Unique perspective leaves ‘No Exit’ for viewers

The high frequency pitch of a steel door being vacuum sealed, an ominous voice addressing the audience and screams erupting from fires – these are the commencing sounds for the play “No Exit” at American Conservatory Theatre on Geary Street in San Francisco.

By Isaiah Kramer
The Guardsman

The  high frequency pitch of a steel door being vacuum sealed, an ominous  voice addressing the audience and screams erupting from fires – these  are the commencing sounds for the play “No Exit” at American  Conservatory Theatre on Geary Street in San Francisco.

Welcome to L’Hôtel, a stage manifestation of Jean-Paul Sartre’s vision of hell – other people.
The  Virtual Stage and Electric Company Theatre has taken Satre’s play to  the multimedia age and tested its relevance by asking, “Has human nature  changed?”

Introducing  the piece with playful banter, the valet, who serves as a mediator  between audience and actors, states the show will go on for eternity as  long as the audience is there to watch it.

He is alluding to much more than ticket sales.

The  VSECT production of “No Exit” turns everything inside out.  Traditionally, Sartre’s play about the afterlife locks three strangers  in a room for all of eternity. The fourth character, the valet, makes  only brief appearances.

In  this Canadian interpretation of “No Exit,” the valet’s abode becomes  the stage. A closed-circuit television screen background depicts the  leading characters, each in his own frame, seated, isolated and trapped  within the adjacent room by a quadruple-bolted steel door.

They  expect to be whipped, thumb-screwed and tortured. Instead they are just  left there, gradually realizing that to be stuck with each other is  their ultimate punishment.

The  stage, which the audience may view after the end of the play, is  painted robin’s-egg blue and contains three mismatched chairs, a bust of  Julius Cesar, a mustard-colored drape that covers a window sealed off  with bricks and, hidden to the audience, four cameras.

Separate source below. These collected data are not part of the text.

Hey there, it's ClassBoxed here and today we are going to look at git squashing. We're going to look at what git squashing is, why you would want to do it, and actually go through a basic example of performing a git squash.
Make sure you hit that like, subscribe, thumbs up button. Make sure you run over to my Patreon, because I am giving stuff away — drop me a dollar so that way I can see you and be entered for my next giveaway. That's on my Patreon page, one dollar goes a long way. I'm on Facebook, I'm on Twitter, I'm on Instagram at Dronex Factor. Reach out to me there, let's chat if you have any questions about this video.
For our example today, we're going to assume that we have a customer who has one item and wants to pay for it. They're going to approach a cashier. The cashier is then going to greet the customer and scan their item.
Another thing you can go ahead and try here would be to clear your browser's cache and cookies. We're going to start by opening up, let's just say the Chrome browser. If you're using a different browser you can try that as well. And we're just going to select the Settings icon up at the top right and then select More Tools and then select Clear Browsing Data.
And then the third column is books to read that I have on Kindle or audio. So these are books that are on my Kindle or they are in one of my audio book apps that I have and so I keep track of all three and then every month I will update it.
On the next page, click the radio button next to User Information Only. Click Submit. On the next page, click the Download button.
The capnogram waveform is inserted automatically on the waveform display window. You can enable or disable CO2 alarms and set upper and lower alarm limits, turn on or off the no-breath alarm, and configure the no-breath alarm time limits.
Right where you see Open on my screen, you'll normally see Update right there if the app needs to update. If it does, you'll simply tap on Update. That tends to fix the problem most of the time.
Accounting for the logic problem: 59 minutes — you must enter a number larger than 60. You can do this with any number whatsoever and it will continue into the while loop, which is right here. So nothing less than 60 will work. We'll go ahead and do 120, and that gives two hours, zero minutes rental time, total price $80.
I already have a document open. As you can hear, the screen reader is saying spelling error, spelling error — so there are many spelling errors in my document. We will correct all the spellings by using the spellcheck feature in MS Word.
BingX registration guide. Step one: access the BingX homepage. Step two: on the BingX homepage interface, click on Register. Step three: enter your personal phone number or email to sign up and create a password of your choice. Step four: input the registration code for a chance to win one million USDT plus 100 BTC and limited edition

A  static camera captures the actions of each character. As they jumble,  interact and torture one another, the camera depicts what happens in  each isolated box, thus adding another dimension to the “trapped inside a  box” theme.

“I  did not set out to create a live film; rather this form emerged from  the desire to fulfill the plays demands and truly lock up the three  characters together,” director Kim Collier wrote in the play’s program.

The  integration of film and theater lets the audience experience the sense  of claustrophobia and desperation on the actors’ faces, evident even  from the balcony level. Countenance becomes just as important as body  language.

Sartre’s  characters are enduring because they are not mere archetypes; they are  original creations. Their evil deeds are rooted in vanity and  selfishness but also self-consciousness.

Their insecurities are a mirror for the audience.

The  valet’s role serves to alleviate some of the tense drama between the  three tortured souls who pick and prod at each others’ sins, misdeeds  and neuroses.

Most  importantly, though, the valet is trapped in his own hell. For all  eternity he must repeatedly lock these three people together as long as  the audience “sees themselves in the characters.” Only when the audience  no longer relates to the trapped characters will the valet be  irrelevant and thus free from his torment.